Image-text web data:
-=-=-
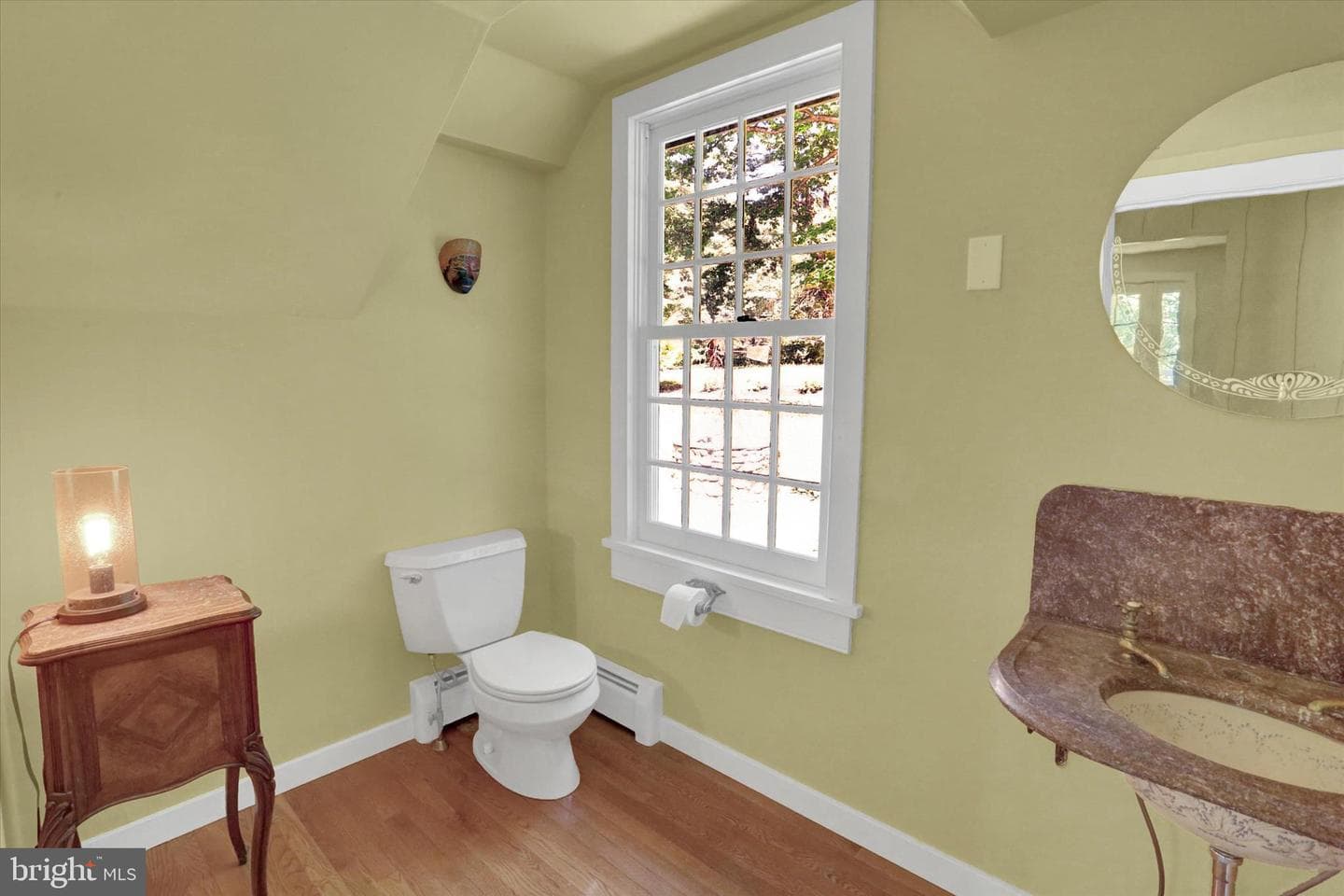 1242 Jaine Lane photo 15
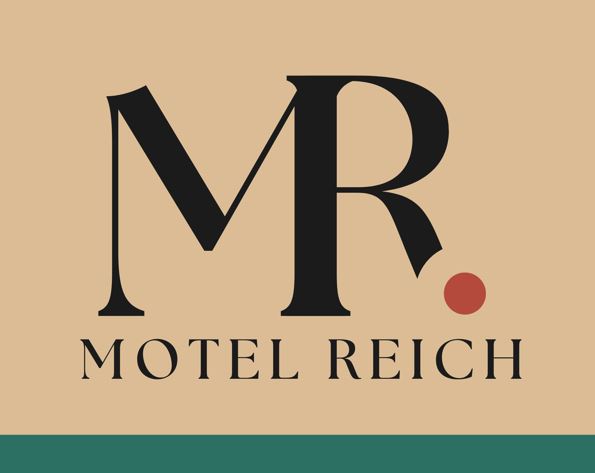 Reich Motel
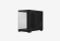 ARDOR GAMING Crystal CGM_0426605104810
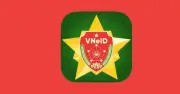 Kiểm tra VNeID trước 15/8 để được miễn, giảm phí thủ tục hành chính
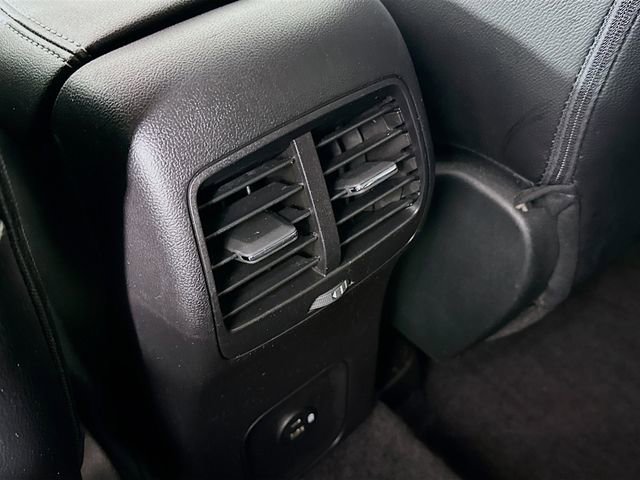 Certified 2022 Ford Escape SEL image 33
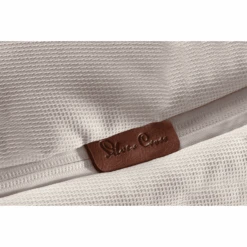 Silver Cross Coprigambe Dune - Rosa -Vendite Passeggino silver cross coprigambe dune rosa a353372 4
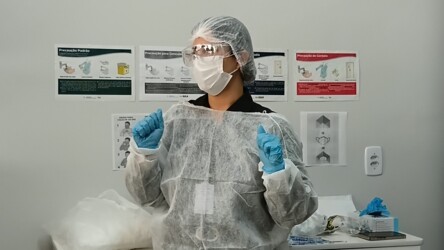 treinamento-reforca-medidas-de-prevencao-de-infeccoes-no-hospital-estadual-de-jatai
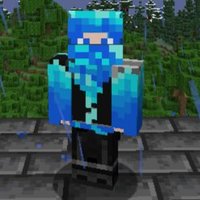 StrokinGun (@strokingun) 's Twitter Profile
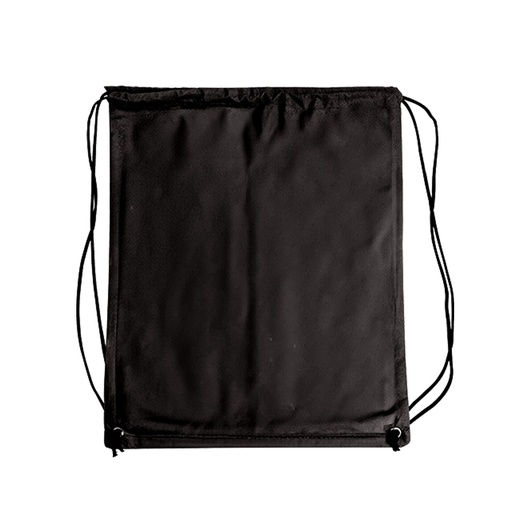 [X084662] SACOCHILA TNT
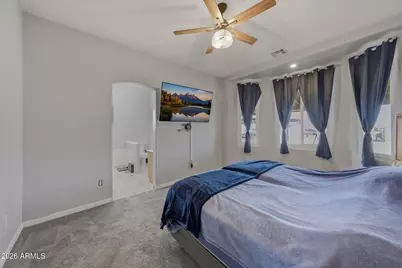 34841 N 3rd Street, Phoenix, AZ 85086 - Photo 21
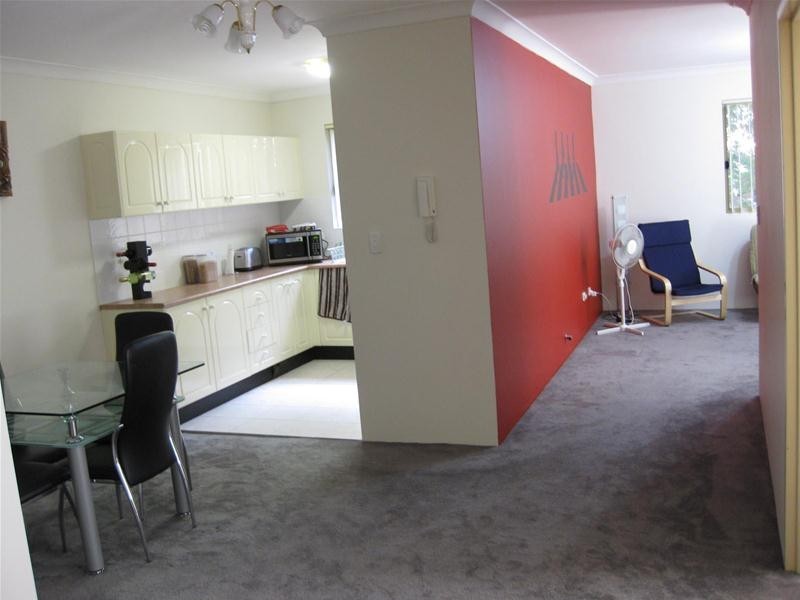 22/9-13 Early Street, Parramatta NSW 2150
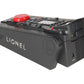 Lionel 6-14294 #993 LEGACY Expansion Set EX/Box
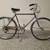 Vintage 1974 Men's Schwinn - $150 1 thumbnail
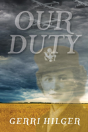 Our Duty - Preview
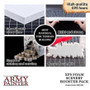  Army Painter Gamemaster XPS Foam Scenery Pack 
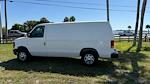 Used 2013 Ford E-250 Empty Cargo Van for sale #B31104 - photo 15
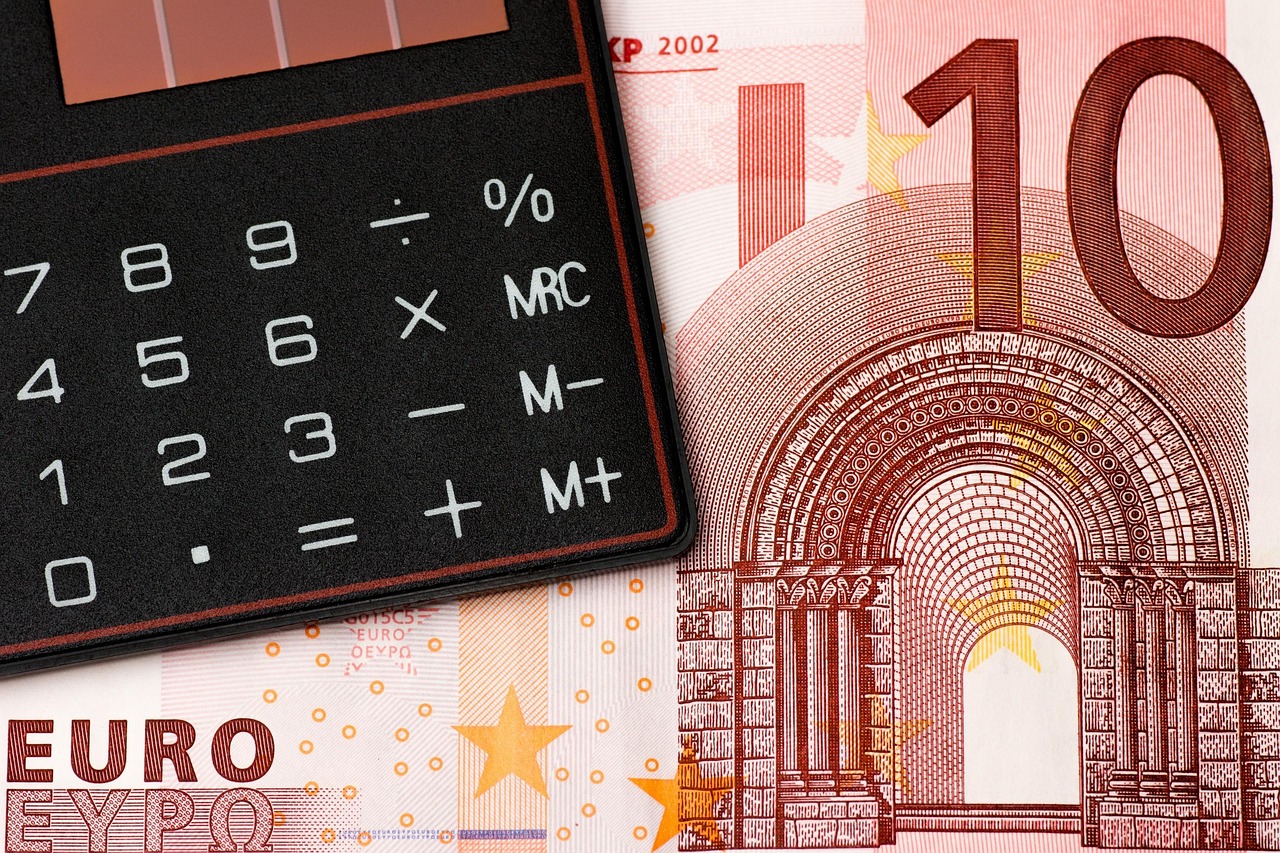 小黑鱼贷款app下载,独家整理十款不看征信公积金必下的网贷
-=-=-
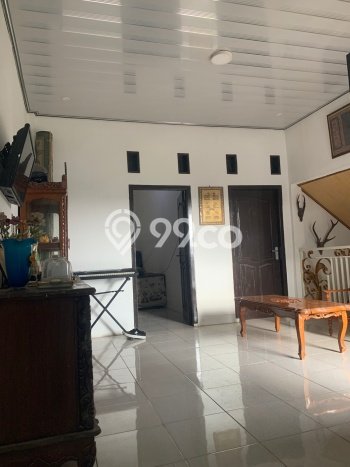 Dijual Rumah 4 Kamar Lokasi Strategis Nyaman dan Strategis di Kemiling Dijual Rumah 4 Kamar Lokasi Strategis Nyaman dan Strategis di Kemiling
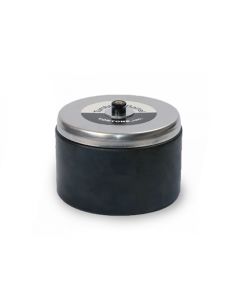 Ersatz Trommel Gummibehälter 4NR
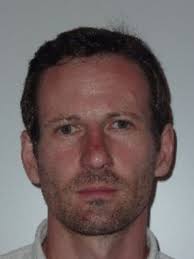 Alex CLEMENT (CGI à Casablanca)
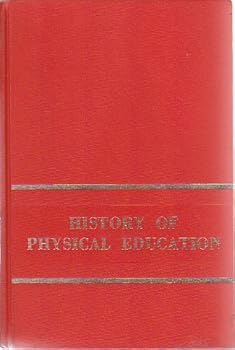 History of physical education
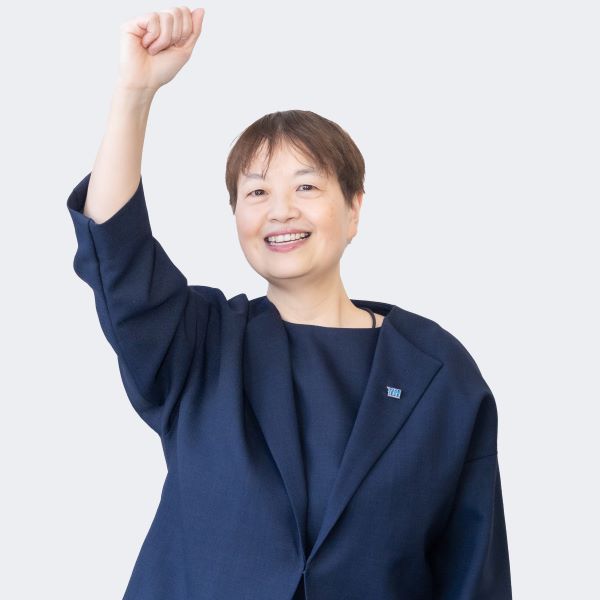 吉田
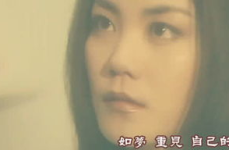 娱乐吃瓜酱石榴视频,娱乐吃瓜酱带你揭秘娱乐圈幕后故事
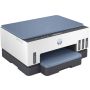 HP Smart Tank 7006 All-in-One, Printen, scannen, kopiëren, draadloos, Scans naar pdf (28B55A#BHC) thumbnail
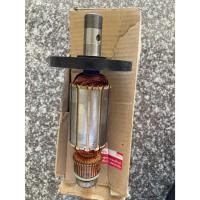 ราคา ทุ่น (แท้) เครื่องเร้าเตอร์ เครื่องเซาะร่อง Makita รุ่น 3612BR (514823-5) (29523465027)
-=-=-
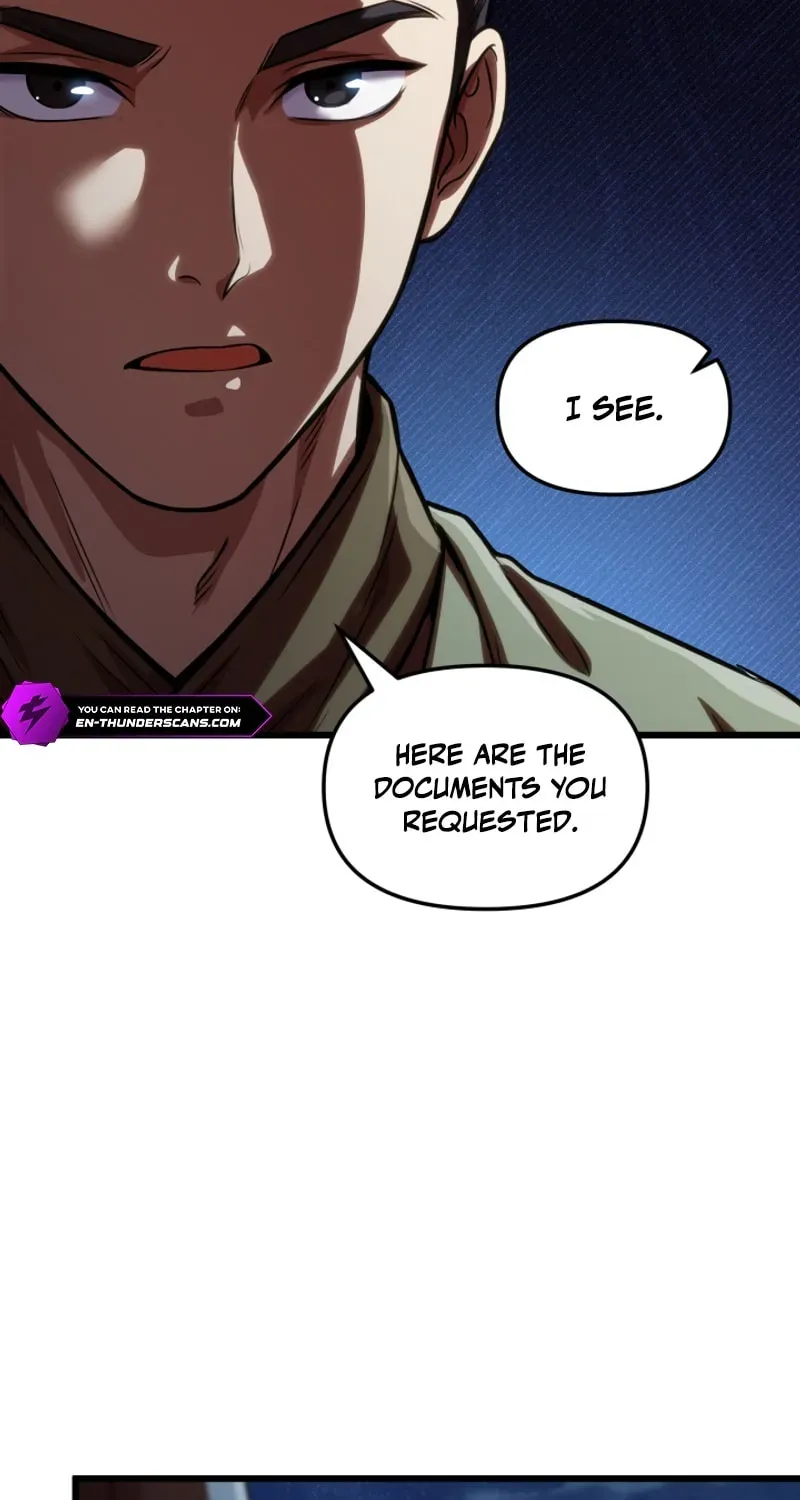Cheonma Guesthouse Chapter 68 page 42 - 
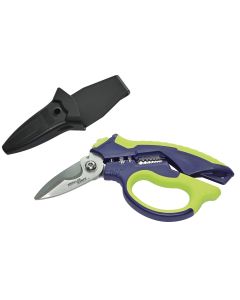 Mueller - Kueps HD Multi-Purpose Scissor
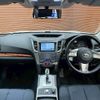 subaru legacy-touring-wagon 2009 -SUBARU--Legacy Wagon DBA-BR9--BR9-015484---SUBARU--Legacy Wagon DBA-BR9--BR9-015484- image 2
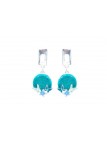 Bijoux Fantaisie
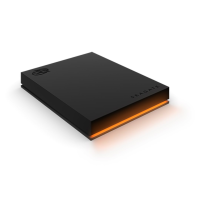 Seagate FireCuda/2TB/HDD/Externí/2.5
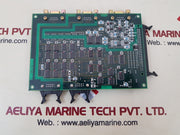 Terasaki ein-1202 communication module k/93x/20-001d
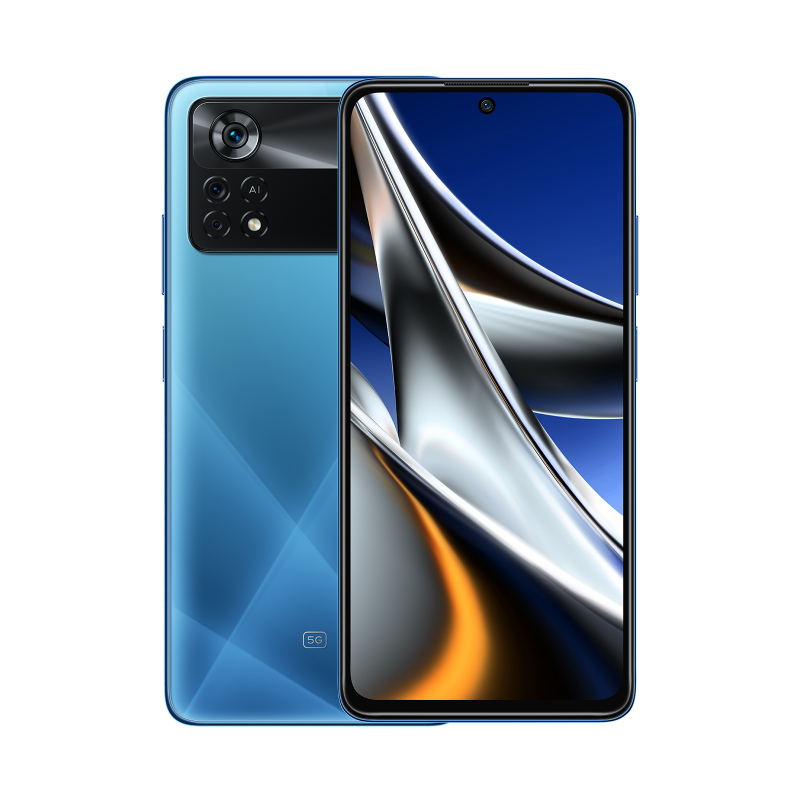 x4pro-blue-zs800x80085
-=-=-
→ **Assignment**
In the data above, start at the line holding "Mueller - Kueps HD Multi-Purpose Scissor" and stop after the line holding "Seagate FireCuda/2TB/HDD/Externí/2.5"; write out those lines exactly, without pictures.

→ **Worked solution**
 Mueller - Kueps HD Multi-Purpose Scissor
 subaru legacy-touring-wagon 2009 -SUBARU--Legacy Wagon DBA-BR9--BR9-015484---SUBARU--Legacy Wagon DBA-BR9--BR9-015484- image 2
 Bijoux Fantaisie
 Seagate FireCuda/2TB/HDD/Externí/2.5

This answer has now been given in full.